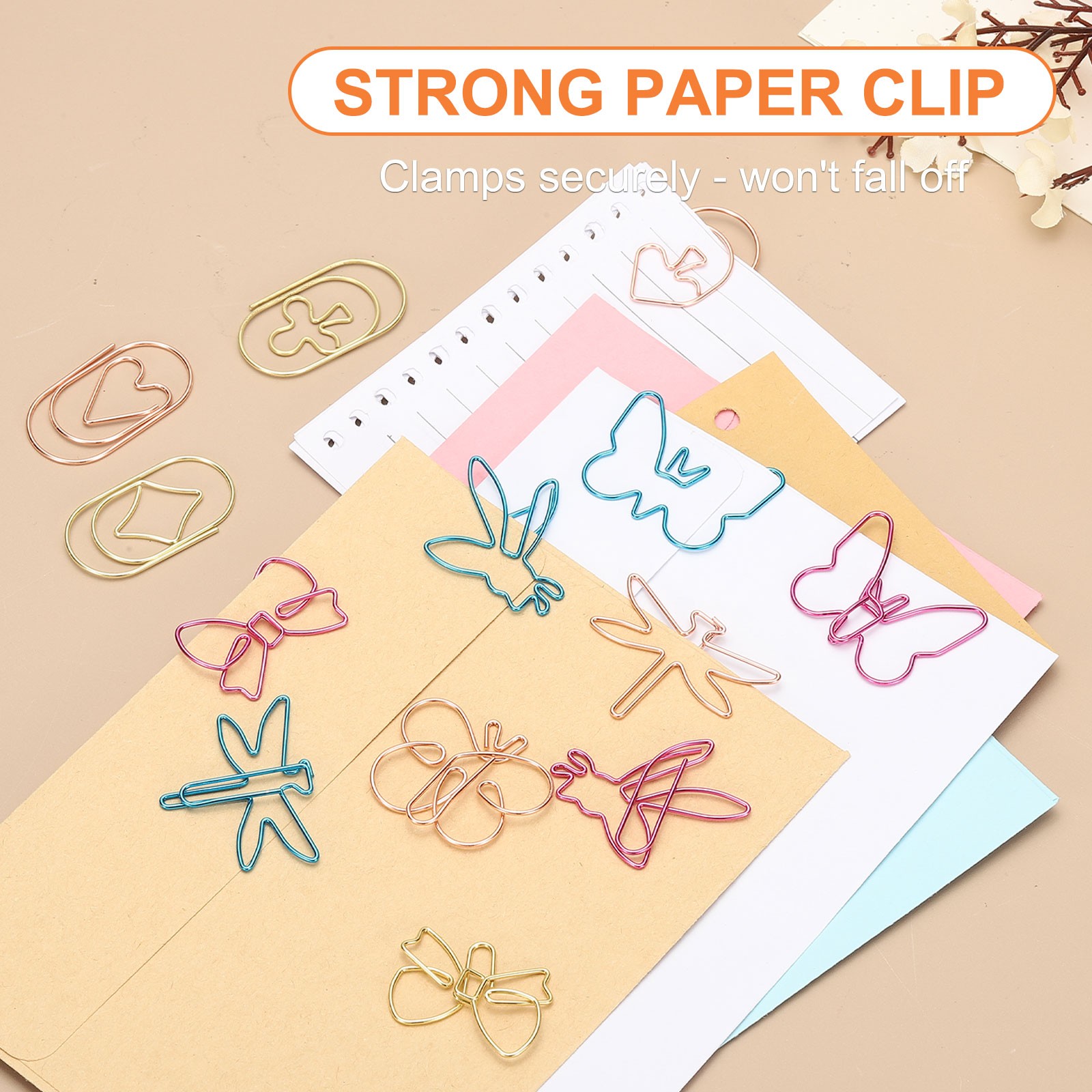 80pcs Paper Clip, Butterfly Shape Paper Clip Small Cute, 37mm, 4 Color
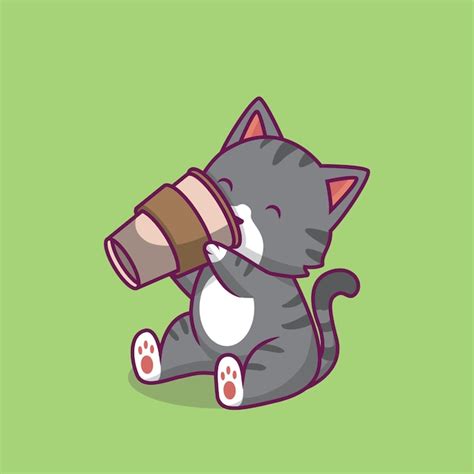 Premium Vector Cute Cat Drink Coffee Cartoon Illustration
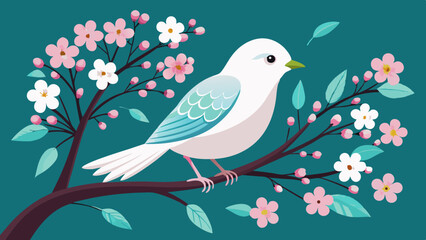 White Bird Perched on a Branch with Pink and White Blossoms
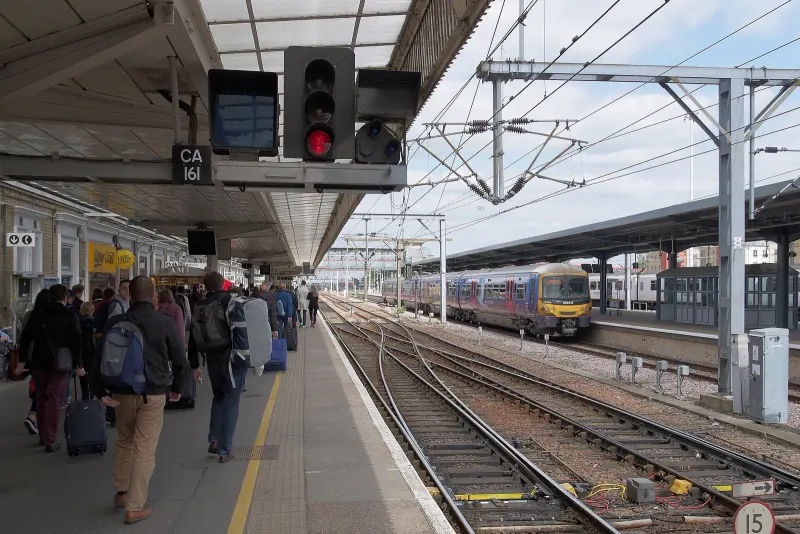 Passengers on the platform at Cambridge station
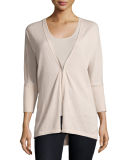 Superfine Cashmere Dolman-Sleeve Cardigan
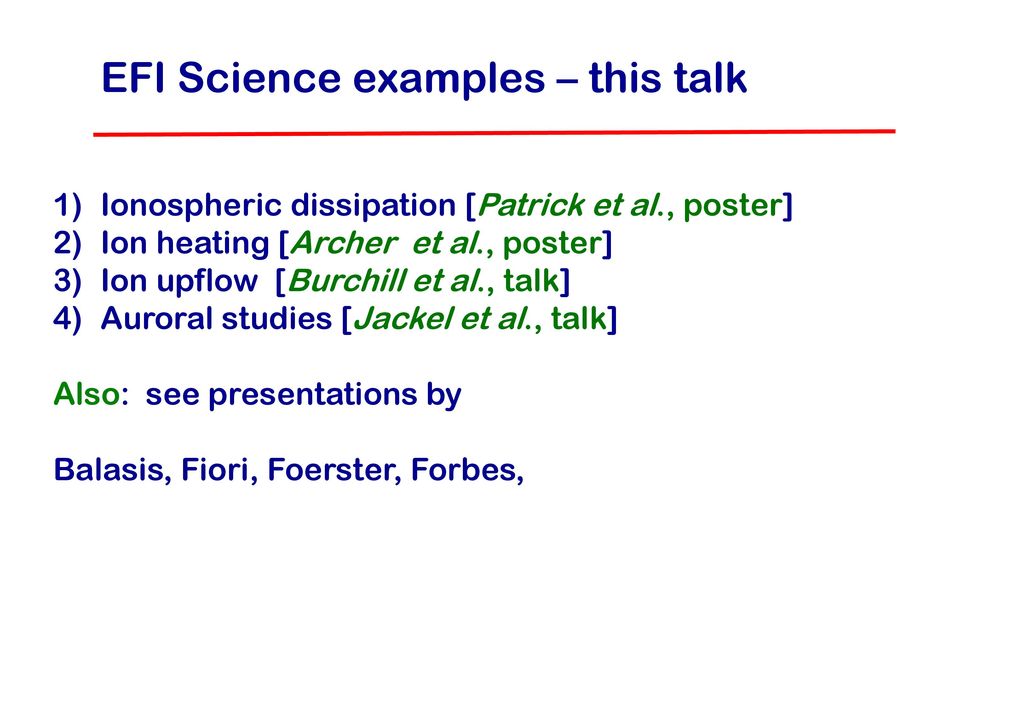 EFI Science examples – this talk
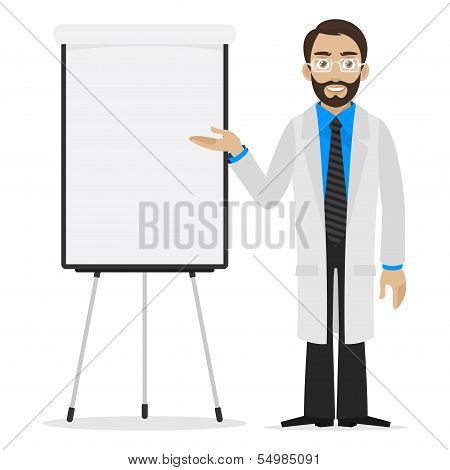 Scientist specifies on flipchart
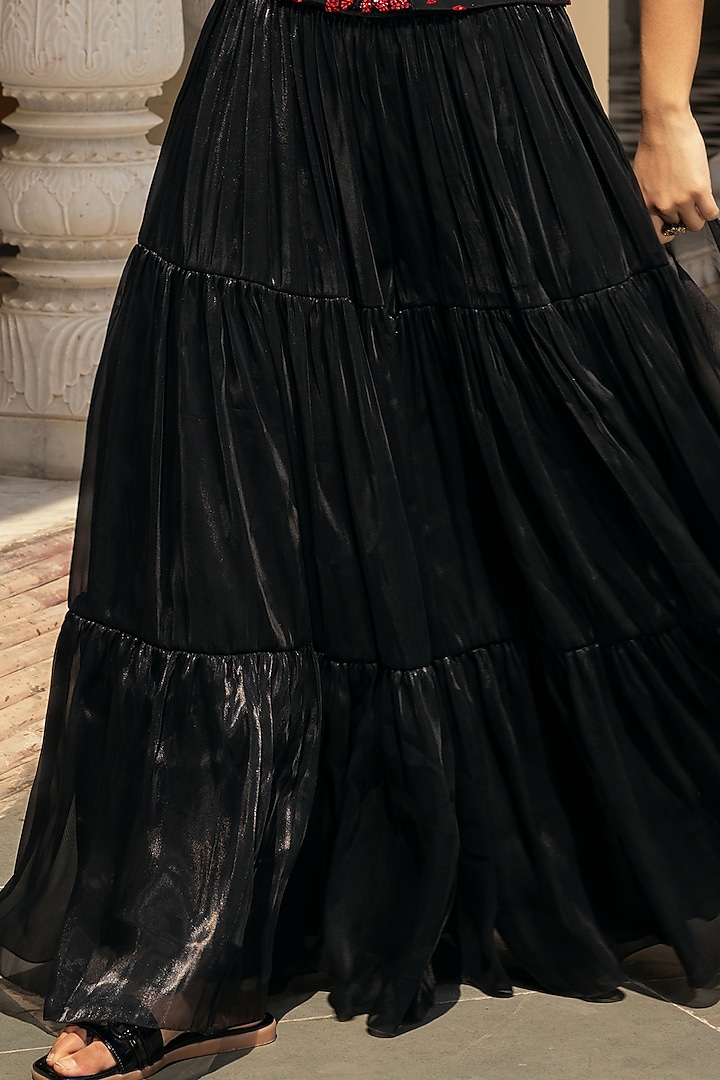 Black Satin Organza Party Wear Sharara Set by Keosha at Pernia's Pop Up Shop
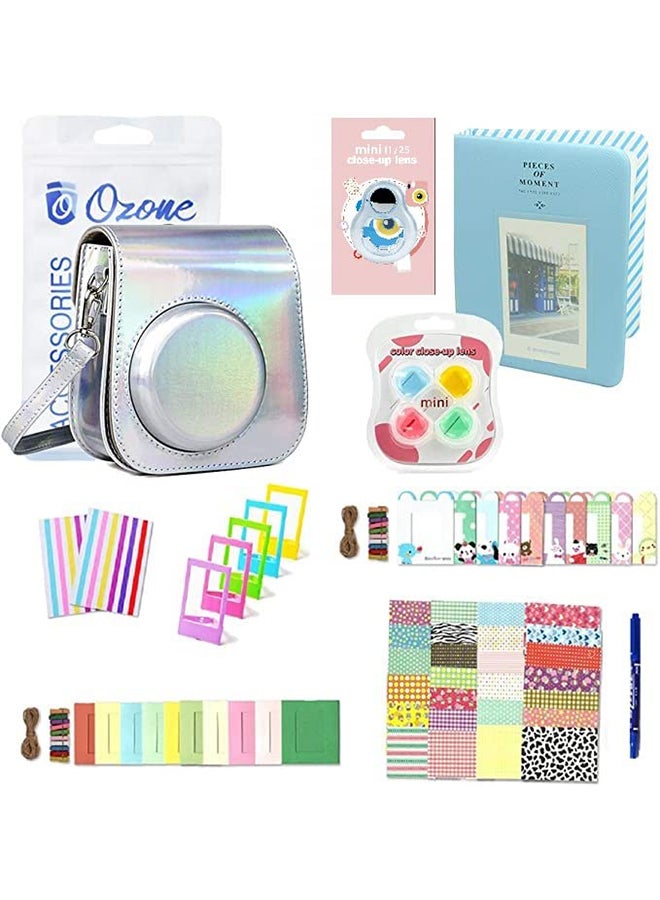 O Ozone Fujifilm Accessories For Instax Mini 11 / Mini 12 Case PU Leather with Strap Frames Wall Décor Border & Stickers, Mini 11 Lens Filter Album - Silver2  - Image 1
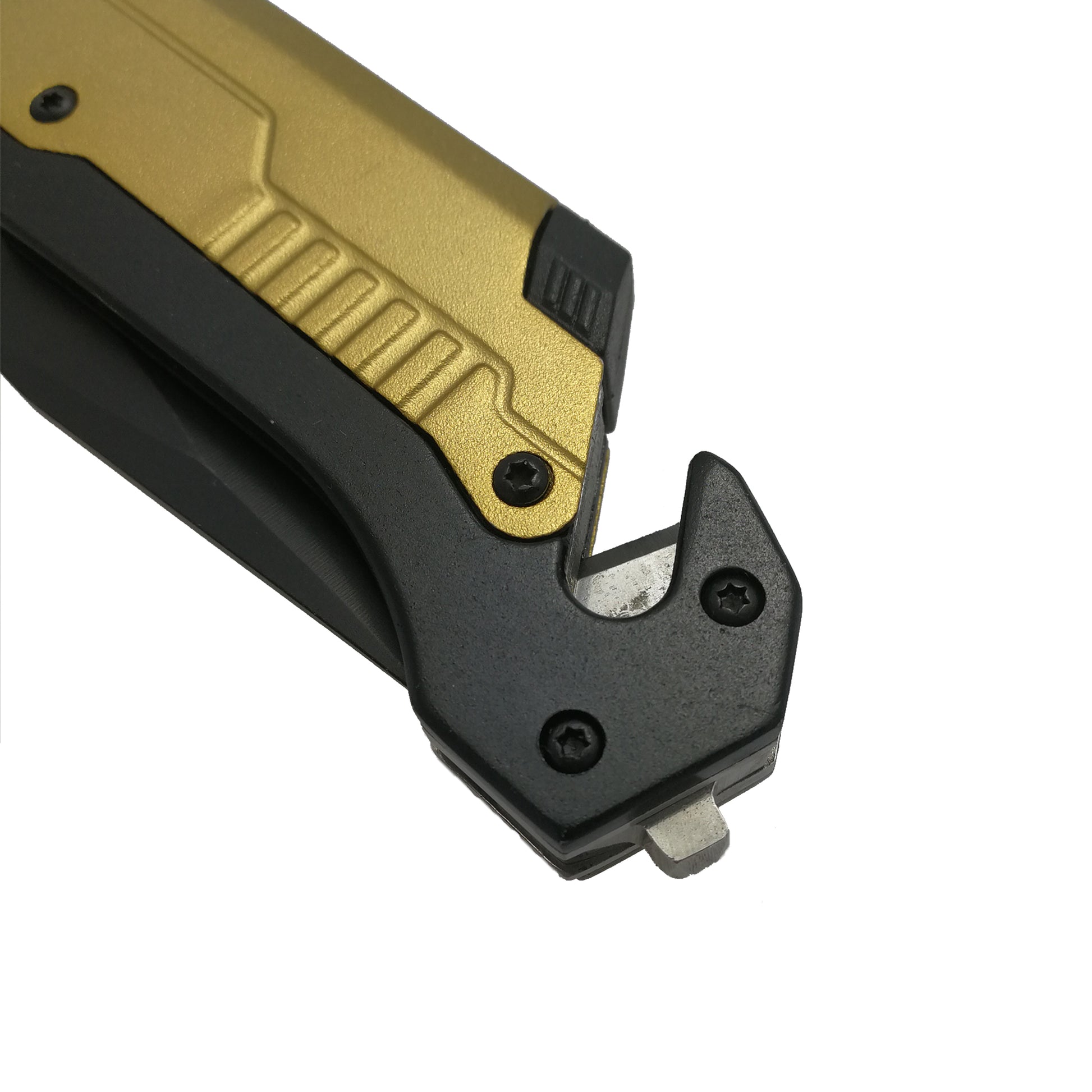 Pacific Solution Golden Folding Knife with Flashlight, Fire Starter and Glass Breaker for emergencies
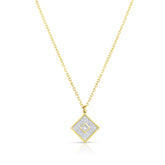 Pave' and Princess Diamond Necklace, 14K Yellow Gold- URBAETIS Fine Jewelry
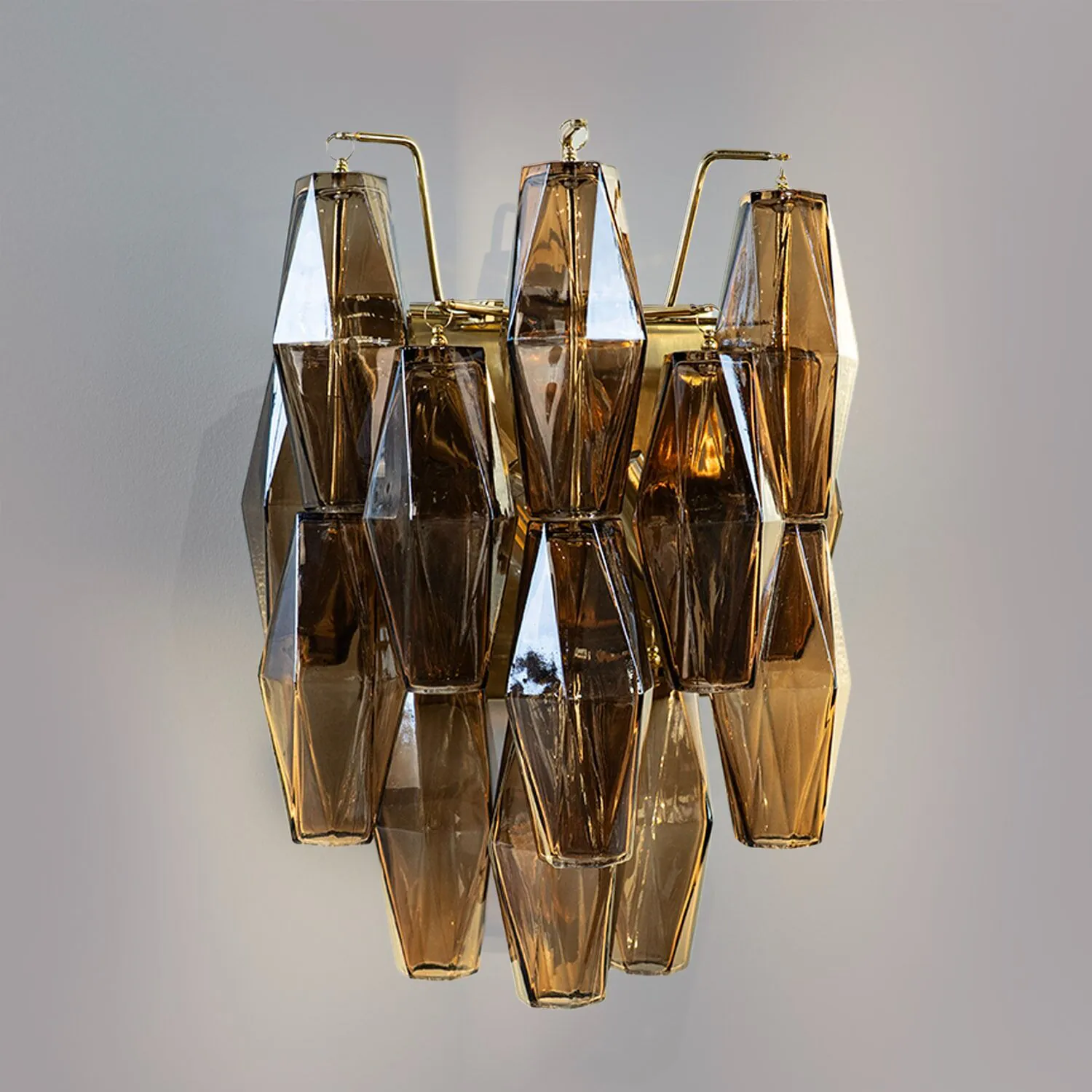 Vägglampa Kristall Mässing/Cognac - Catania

WHAT YOU WILL DO: The lines from the one containing "Premium Vector Cute" through the last line of the data above are to be transcribed exactly, both included, with all pictures left out.

ANSWER FOR THIS EXERCISE:
 Premium Vector Cute Cat Drink Coffee Cartoon Illustration
 White Bird Perched on a Branch with Pink and White Blossoms
 Passengers on the platform at Cambridge station
 Superfine Cashmere Dolman-Sleeve Cardigan
 EFI Science examples – this talk
 Scientist specifies on flipchart
 Black Satin Organza Party Wear Sharara Set by Keosha at Pernia's Pop Up Shop
 O Ozone Fujifilm Accessories For Instax Mini 11 / Mini 12 Case PU Leather with Strap Frames Wall Décor Border & Stickers, Mini 11 Lens Filter Album - Silver2  - Image 1
 Pacific Solution Golden Folding Knife with Flashlight, Fire Starter and Glass Breaker for emergencies
 Pave' and Princess Diamond Necklace, 14K Yellow Gold- URBAETIS Fine Jewelry
 Vägglampa Kristall Mässing/Cognac - Catania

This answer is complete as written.